I never personally used Vista as my main OS, but I did have to devote many moons to installing and tuning it on the lab computers at work. Horrible experience all the way around, but I got it to run well enough with some heavy tweaking.
I agree that once up and running it was solid as a rock. I just didn't care for the way they had a 'special' folder that had to be accessed for games.
 
I've got dual 5850s on a win7 build, good to know they'd handle XP well. Might even be a better choice for that machine. There's not a lot than 7 can do but XP can't. Besides have usable support for 64 bit.

Windows XP Professional x64 Edition had great 64 bit support. It was basically Server 2003 x64 with an XP GUI slapped on. I used it on my main workstation for at least a decade before moving on to Win 7. The only reason I moved to 7 is because XP was perpetually stuck on DX9.
 
Windows XP Professional x64 Edition had great 64 bit support. It was basically Server 2003 x64 with an XP GUI slapped on. I used it on my main workstation for at least a decade before moving on to Win 7. The only reason I moved to 7 is because XP was perpetually stuck on DX9.

2k3 had the exact same GUI as XP. The only difference I can name is that it had a different "theme" load by default. Otherwise you cannot tell the two apart. I used 2k3 x64 as my workstation up until 2018. Could not tell it apart from my XP builds.
 
Found a nice 550W PSU for one of the Dells, it's new so no need to worry about caps. It was has the PCI-Express 6+2 pin Connectors, so it just needs a single 75W slot graphics card and will be complete. If I were not sticking to XP there would have been some nice options, lol.
 
Any PSU will work fine with XP. Aside from giving some things headers instead of relying on adapters, the ATX PSU hasn't actually changed in 20+ years.
 
Ahh, the challenge here is getting an old dog to do new tricks, IE, Dell OEM has limits, but we shall overcome them for my fun XP Machine. Next fun thing might me to change out the stock CPU chiller with something that will give me room for an optimal video card. While it will be a single card, it should max the capability of this machine and make a solid XP gaming rig! Most people wouldn't change the stock cooler because it would void the warranty back in the day. Well, we don't have that problem now, and I am guessing we can cool that CPU better than Dell ever imagined back in its time. And when I play like this, I make sure I have 2, so if I "#$%# it up, we can replace the MOBO, or whatever. While there will be more money in this machine than the period would support, it will definitely create fun!
 
Last edited:
There is also Windows Vista.
I liked Vista, once I started using it on hardware that could run it. And once service packs fixed most of the annoying issues.

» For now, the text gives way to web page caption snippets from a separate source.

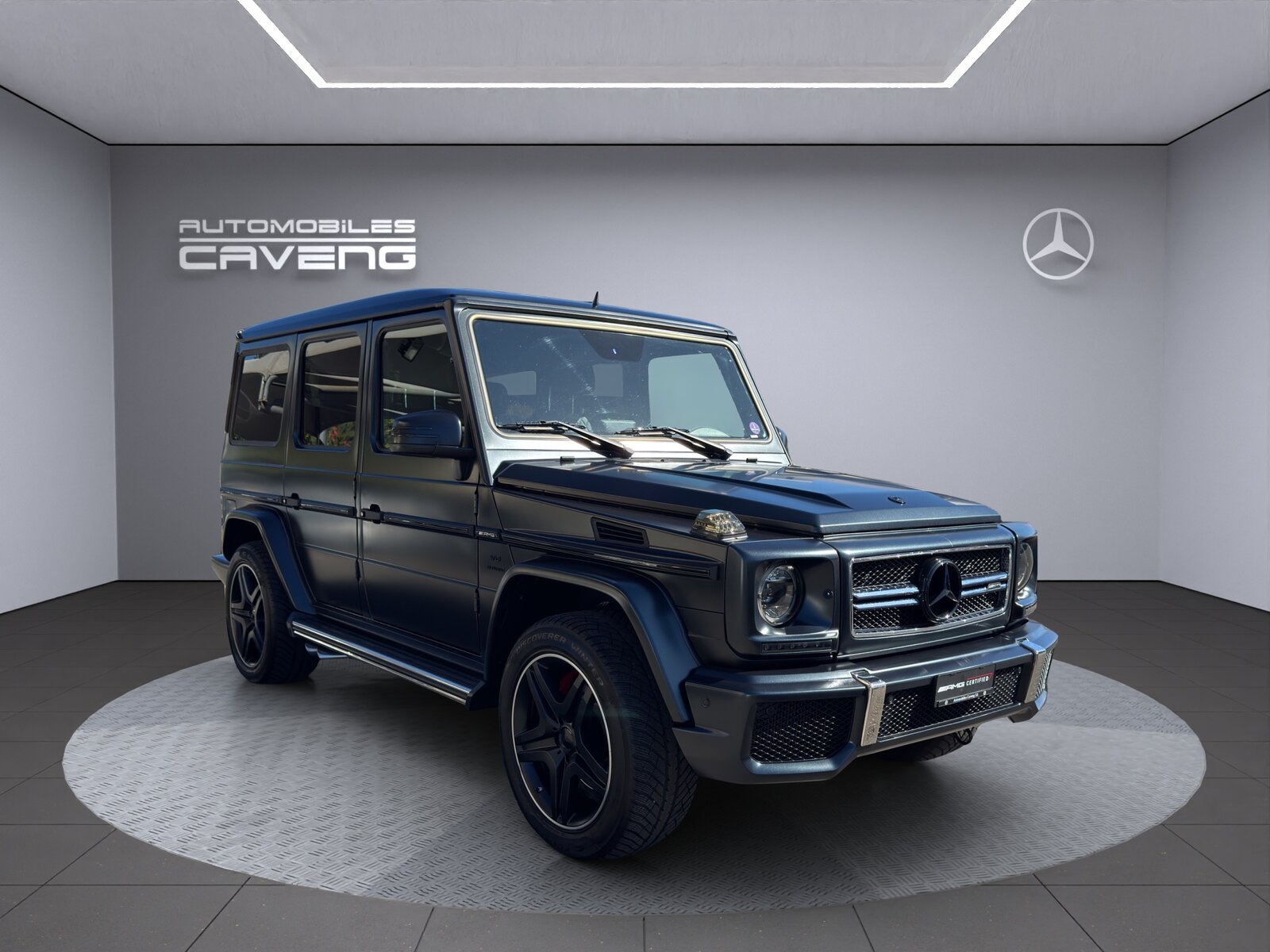 MERCEDES-BENZ G 63 AMG Automatic, Benzina, Occasioni / Usate, Automatico - 6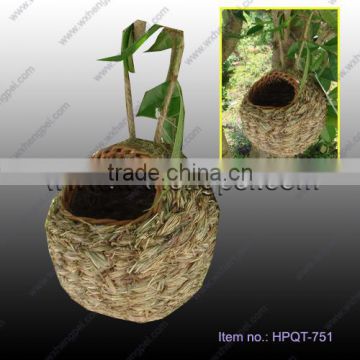 New design nest bird home hourse grass bird nest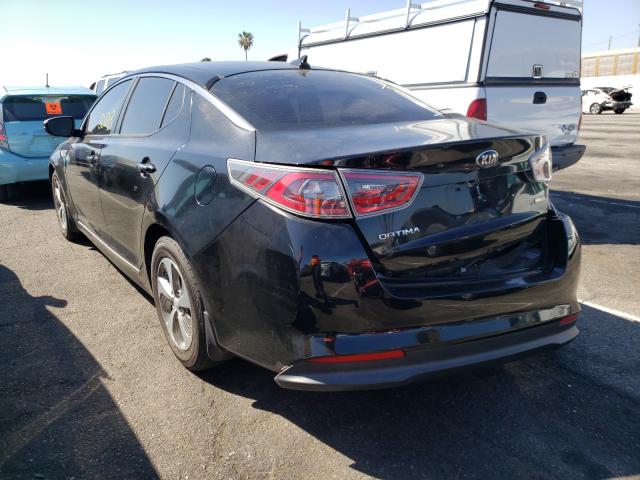 Photo 2 VIN: KNAGM4AD9E5064007 - KIA OPTIMA HYB 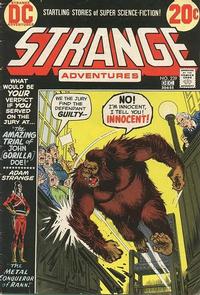 Cover for Strange Adventures (DC, 1950 series) #239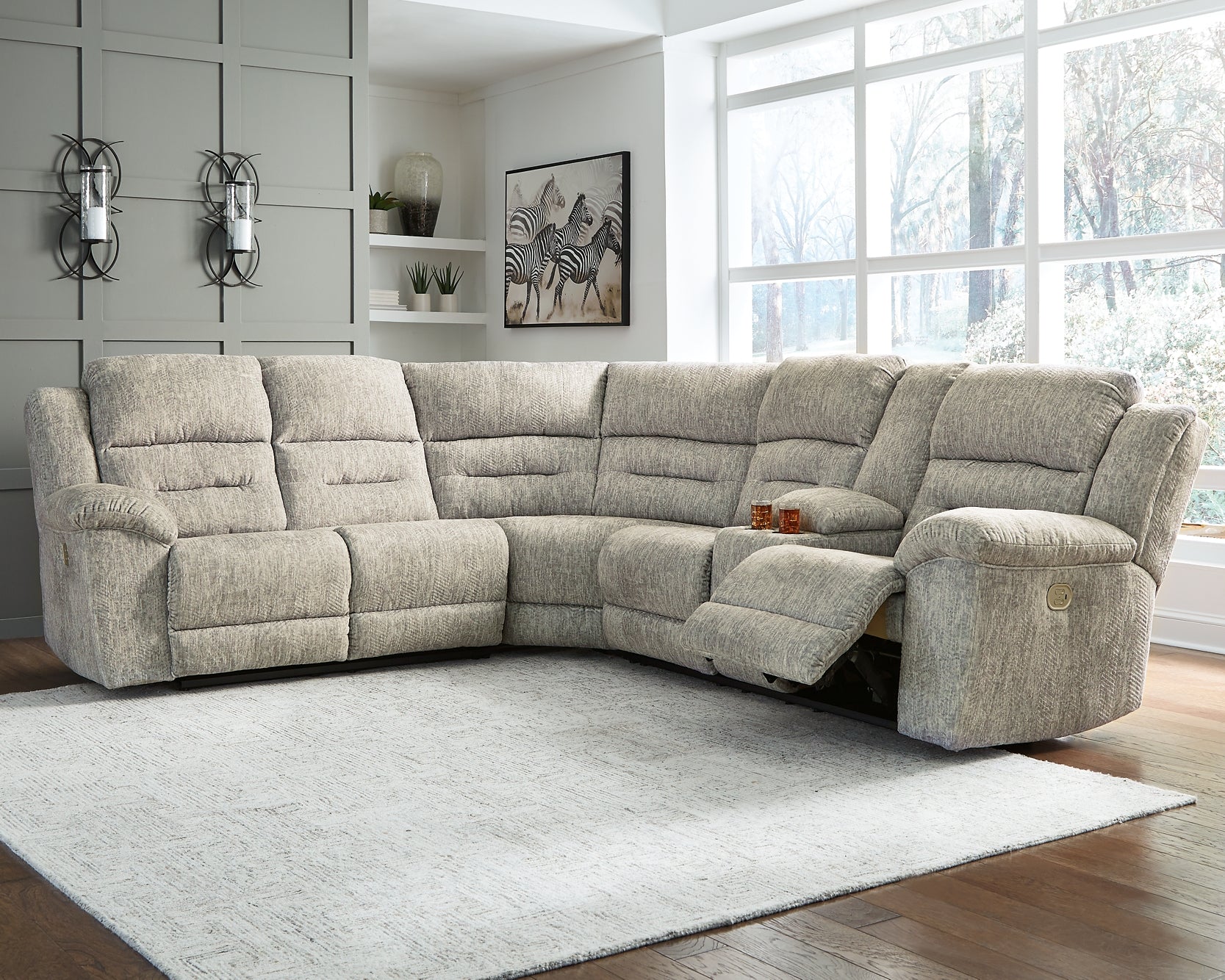 Family Den 3-Piece Power Reclining Sectional Furniture Mart -  online today or in-store at our location in Duluth, Ga. Furniture Mart Georgia. View our lowest price today. Shop Now. 
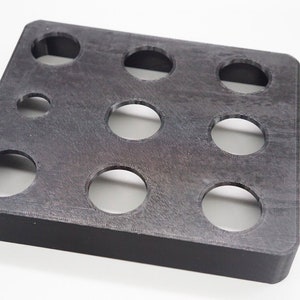 Bandeja organizadora de almacenamiento para portabrocas de fresado de roscas Ridgid, torno imagen 4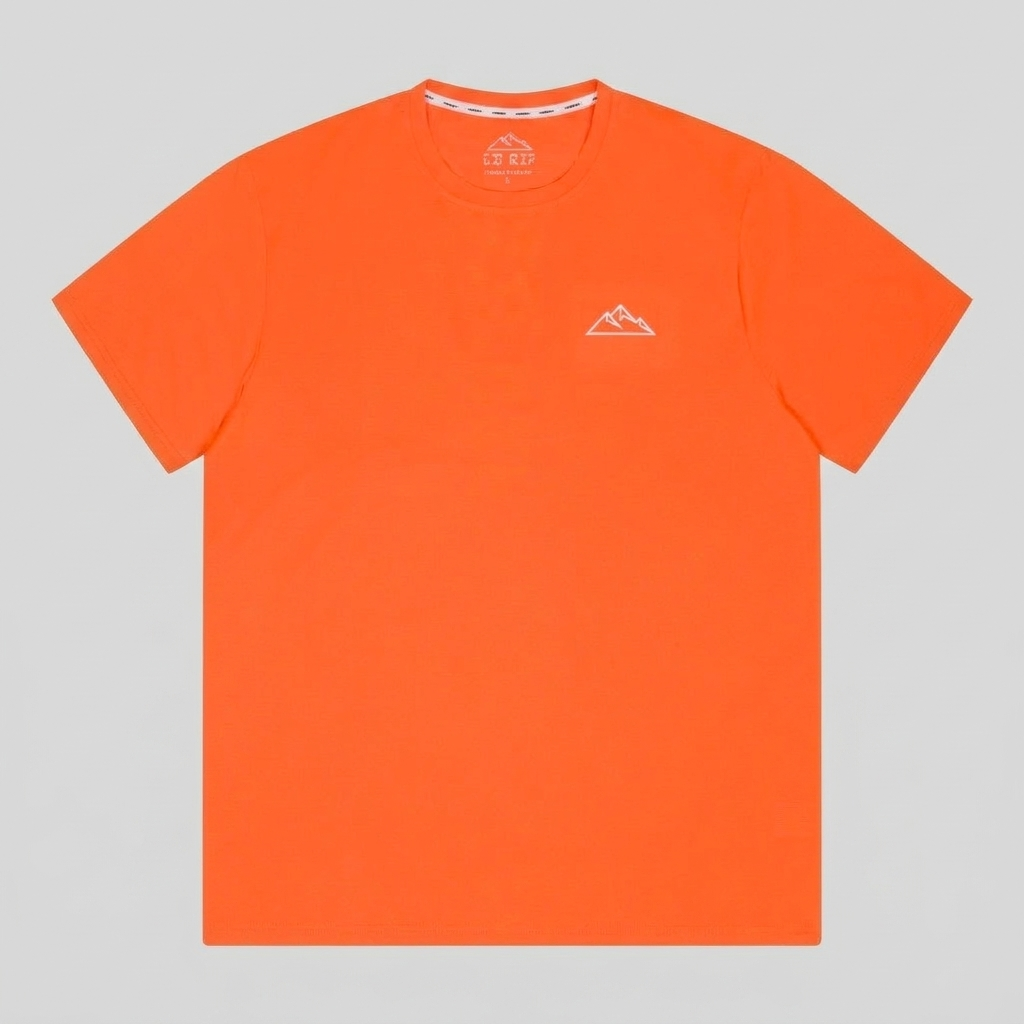 Le Rif Sport Shirt Oranje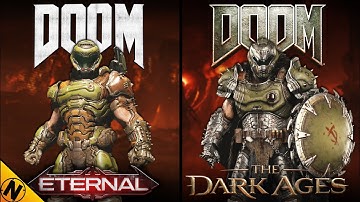 DOOM: The Dark Ages vs DOOM: Eternal | Direct Comparison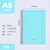 Import A5 diary Sewing Binding  with UV printing logo 100 gsm paper notebook thick paper notebook elastic cord notebook diary from China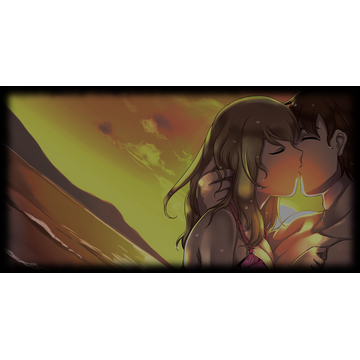 The Kiss (Profile Background)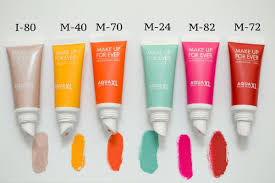 make up for ever aqua xl color paint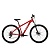 Велосипед Welt Storm MD, 29", 7 скоростей, Vivid Red 2025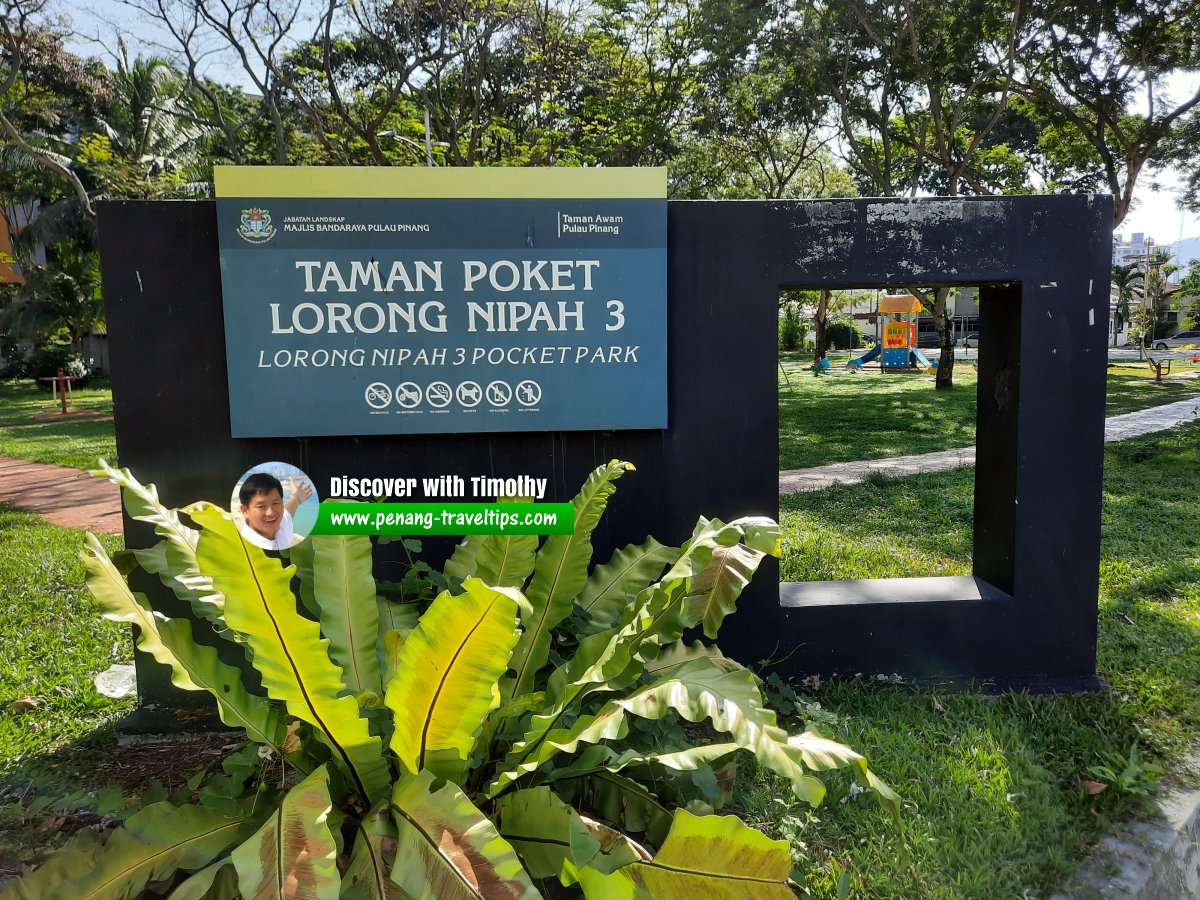 Lorong Nipah 3 Pocket Park, Sungai Dua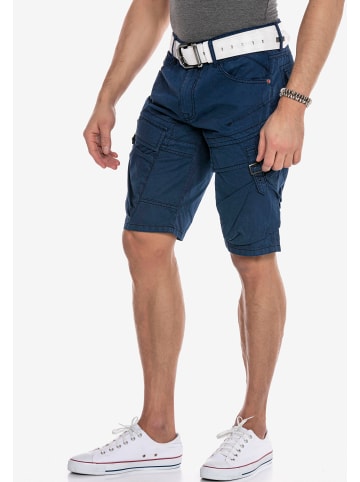 Cipo & Baxx Shorts in NAVYBLUE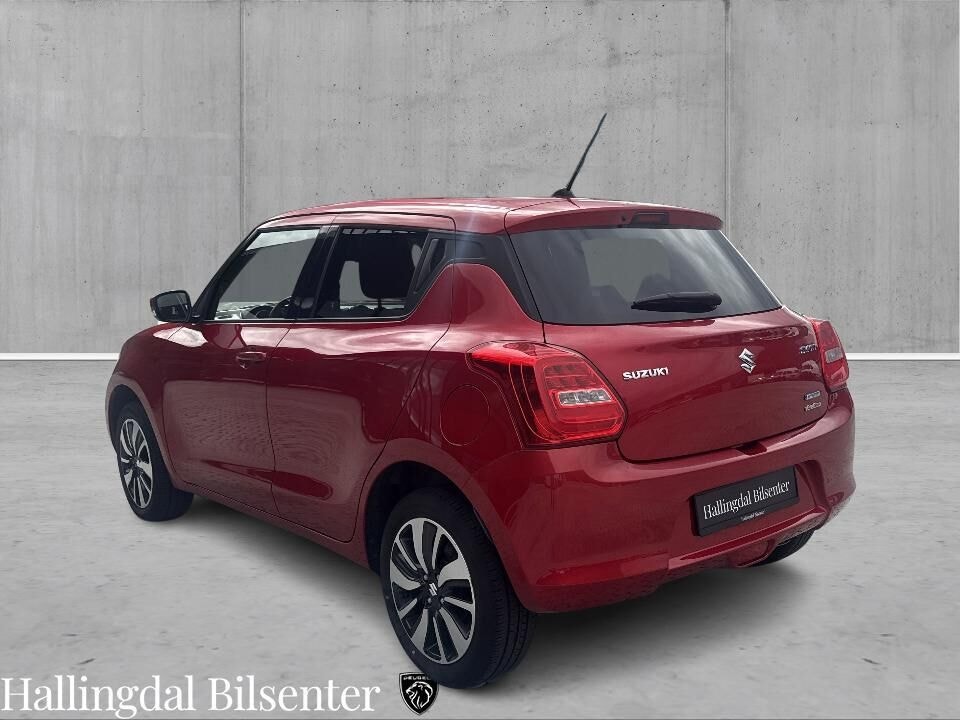 Suzuki Swift Dualjet Hybrid AllGrip Manual, 5-trins, 90ps, 2020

MY experience was that the 64bit version of vista seemed to work better than the 64 bit version of XP, but that might be just because the software I wanted to run better supported 64 bit, and maybe it wasn't an issue with the OS. I just remember that on XP I was always in the wrong web browser, so I was constantly switch from 32 to 64 or 64 to 32 depending on what didn't want to work. I don't recall doing that so much in Vista.

We also ran it on some "service processors" on some hardware at work, and it seemed just fine for probably close to 10 years. Eventually everything had to be upgraded to 7, and eventually 10, because of security patches, not because Vista had any reliability issues for us.